And then, unlike Cusk’s traditionally undefined narrator, Tokarczuk gives a full run-down of herself:

“I have a practical build. I’m petite, compact. My stomach is tight, small, undemanding. My lungs and my shoulders are strong. I’m not on any prescriptions–not even the pill—and I don’t wear glasses.”

Etc., until the focus narrows.

“My abdominal aorta is normal. My bladder works. Hermoglobin 12.7. Leukocytes 4.5. Hematocrit 41.6. Platelets 228.” 

And more!

Why? Again, it’s hard to describe this book, which meanders down so many paths having to do with travel and permanence, moving and staying, life and death. There are stories heard during travel, stories about people met and places visited. There are conversations relayed from life on the road: on plane trips, in foreign cafes and bars, discussions had while waiting to go someplace else. And the book returns many times to meditations about the human body and everything it means to have one, as our physical forms fortify us, change, and die, as we move through time and space trying to find meaning in our relation to what lies beyond us.

Have you ever gotten into to your car to drive a familiar route and sort of blank out at some point, not remembering the specifics of how you progressed to your current location? Reading Flights reminded me of that. At some point, I would pause and think “Huh. Now I’m reading about a slave whose body was preserved against his family’s wishes,” or “Now I’m following the travels of Peter I, tsar of the Russian Empire.” What all the meandering paths have in common is always some consideration of travel, or the body, or both. Flights is unlike anything I’ve read, with this tight focus on the topic while at the same time, feeling that it’s going in every direction at once. You might be thinking that it sounds like a frustrating or challenging read, and I will say that maybe early on, I felt that way, as I wet my feet. But once you’re in, you’re in, and the stories and segments wash over you easily, as if you’ve been the passenger all along. The structure of the book itself, with its short sections and asides, its starts and stops and recurring segments and themes, makes it the perfect book to take on a journey, short or long. I believe the more I think about this book, the more it will resonate. And it definitely made me want to plan a trip.

Sunday, July 23, 2023

The Summer of Summer: Seating Arrangements

 


My second read for the Summer of Summer reading project is Seating Arrangements by Maggie Shipstead. In this story, the Van Meters have gathered for the marriage of their eldest daughter, Daphne, who is well bred and educated and nevertheless, seven months pregnant for her nuptials. This irks the father especially. Winn Van Meter was raised with certain ideas about class, gender, and appearances. He’s never moved beyond the identity he earned when he joined an exclusive Harvard club, and ramifications and associations from those days continue in his life, thirty-plus years later. As they do.
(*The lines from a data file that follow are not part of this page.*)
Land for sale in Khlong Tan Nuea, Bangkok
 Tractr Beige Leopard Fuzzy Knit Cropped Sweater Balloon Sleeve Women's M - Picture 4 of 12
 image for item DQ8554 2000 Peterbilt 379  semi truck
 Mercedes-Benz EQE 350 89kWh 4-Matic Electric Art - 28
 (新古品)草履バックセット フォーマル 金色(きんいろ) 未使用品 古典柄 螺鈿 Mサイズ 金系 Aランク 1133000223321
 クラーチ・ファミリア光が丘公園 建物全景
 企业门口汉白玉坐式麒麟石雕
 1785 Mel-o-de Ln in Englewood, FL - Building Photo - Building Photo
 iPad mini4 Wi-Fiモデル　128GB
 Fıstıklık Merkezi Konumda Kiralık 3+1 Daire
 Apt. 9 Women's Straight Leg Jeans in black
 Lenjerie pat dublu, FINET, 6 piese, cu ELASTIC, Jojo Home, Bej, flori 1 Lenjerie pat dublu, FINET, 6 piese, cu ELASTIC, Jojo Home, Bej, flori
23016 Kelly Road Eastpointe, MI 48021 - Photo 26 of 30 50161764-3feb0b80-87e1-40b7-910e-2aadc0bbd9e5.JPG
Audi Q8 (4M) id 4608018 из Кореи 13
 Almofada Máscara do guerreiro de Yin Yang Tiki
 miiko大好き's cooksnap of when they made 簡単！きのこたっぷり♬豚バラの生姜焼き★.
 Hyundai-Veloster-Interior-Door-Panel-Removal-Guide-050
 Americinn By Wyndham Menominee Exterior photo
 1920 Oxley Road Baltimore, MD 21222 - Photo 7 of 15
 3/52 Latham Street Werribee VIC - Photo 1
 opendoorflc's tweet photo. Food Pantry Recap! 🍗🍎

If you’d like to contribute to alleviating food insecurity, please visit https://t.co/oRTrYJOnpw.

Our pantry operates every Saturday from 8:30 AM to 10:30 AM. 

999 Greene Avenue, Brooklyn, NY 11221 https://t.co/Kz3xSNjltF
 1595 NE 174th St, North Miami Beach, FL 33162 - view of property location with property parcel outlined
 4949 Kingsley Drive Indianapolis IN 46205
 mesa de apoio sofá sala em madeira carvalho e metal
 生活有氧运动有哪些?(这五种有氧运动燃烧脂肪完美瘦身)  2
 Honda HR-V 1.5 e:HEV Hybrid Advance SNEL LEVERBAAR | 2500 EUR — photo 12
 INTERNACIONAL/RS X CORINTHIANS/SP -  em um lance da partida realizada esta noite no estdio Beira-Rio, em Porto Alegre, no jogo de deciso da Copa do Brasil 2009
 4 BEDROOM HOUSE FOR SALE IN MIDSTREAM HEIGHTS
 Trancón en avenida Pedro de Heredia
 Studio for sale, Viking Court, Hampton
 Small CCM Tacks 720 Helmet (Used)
The family has gathered at Waskeke, an island where rich families have summered for generations, and Winn’s ongoing, current obsession is his pending application to the elite golf club there.

It may seem from my initial notes that the novel is about Winn, and it certainly focuses on his thoughts more than others, but the story moves from character to character, giving glimpses into the perspectives of several. I have to admit, for many pages, I didn’t like anyone much. These are people who remember what they spent on oysters for their first wedding, and when young children are caught playing dress up with their mother’s jewelry, they say “This is nothing. The good stuff’s in the safe.” And then I caught myself wondering why I was feeling a bias against these characters for their lifestyle—fiction is about relating to people unlike ourselves, isn’t it? And I was thinking, too, about what I felt were the horrific “jokes” about the wealthy explorers who perished trying to see the Titanic wreck. Why is antipathy—or, at least, a lack of empathy—against the rich acceptable? Shouldn’t be. Their concerns and issues are still human.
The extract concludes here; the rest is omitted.